** Study material **
--------------------------------------------------

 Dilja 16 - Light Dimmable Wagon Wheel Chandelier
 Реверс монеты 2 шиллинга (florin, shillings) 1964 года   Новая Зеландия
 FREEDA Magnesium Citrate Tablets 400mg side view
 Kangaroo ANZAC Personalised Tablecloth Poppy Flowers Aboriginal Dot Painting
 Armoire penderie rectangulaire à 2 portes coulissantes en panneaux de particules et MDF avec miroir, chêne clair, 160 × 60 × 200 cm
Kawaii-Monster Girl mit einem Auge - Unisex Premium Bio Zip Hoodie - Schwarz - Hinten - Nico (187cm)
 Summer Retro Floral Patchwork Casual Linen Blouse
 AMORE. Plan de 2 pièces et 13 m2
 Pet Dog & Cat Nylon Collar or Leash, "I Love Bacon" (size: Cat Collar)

--------------------------------------------------

** What to work on **
Transcribe every entry verbatim.

** Solution to this problem **
 Dilja 16 - Light Dimmable Wagon Wheel Chandelier
 Реверс монеты 2 шиллинга (florin, shillings) 1964 года   Новая Зеландия
 FREEDA Magnesium Citrate Tablets 400mg side view
 Kangaroo ANZAC Personalised Tablecloth Poppy Flowers Aboriginal Dot Painting
 Armoire penderie rectangulaire à 2 portes coulissantes en panneaux de particules et MDF avec miroir, chêne clair, 160 × 60 × 200 cm
Kawaii-Monster Girl mit einem Auge - Unisex Premium Bio Zip Hoodie - Schwarz - Hinten - Nico (187cm)
 Summer Retro Floral Patchwork Casual Linen Blouse
 AMORE. Plan de 2 pièces et 13 m2
 Pet Dog & Cat Nylon Collar or Leash, "I Love Bacon" (size: Cat Collar)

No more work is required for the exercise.